EXERCISE DIRECTIONS: Repeat what the lines below say, word for word, and skip every image.
- Opening Delimiter -
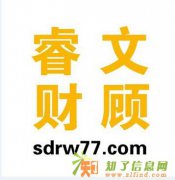注册顺德证照,无地址注册,代理记账报税资质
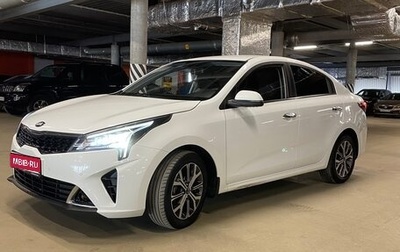 KIA Rio IV, 2021 год, 1 950 000 рублей, 1 фотография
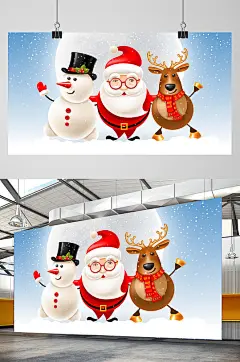 圣诞老人的好朋友们插画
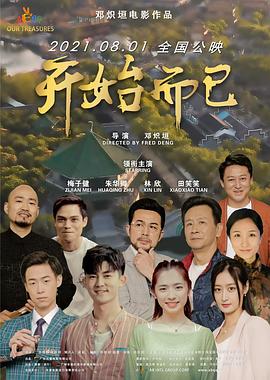 国产精品亚洲二区在线观看-精品无码专区毛片-国产欧美另类久久久精品图片
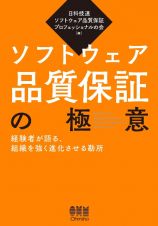 ソフトウェア品質保証の極意　経験者が語る、組織を強く進化させる勘所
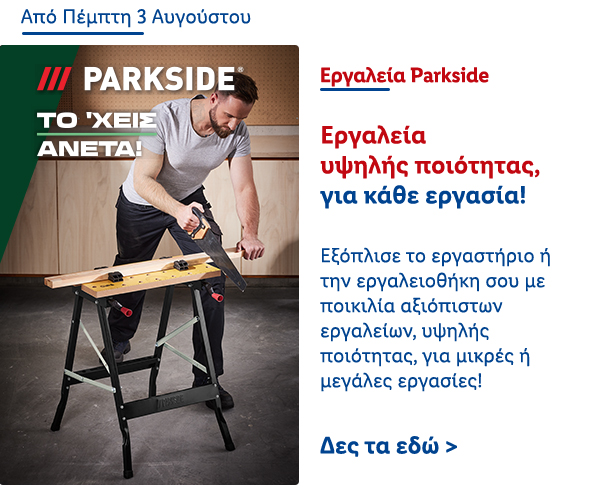 Εργαλεία Parkside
- Closing Delimiter -
FINISHED TASK:
注册顺德证照,无地址注册,代理记账报税资质
 KIA Rio IV, 2021 год, 1 950 000 рублей, 1 фотография
 圣诞老人的好朋友们插画
 国产精品亚洲二区在线观看-精品无码专区毛片-国产欧美另类久久久精品图片
 ソフトウェア品質保証の極意　経験者が語る、組織を強く進化させる勘所
 Εργαλεία Parkside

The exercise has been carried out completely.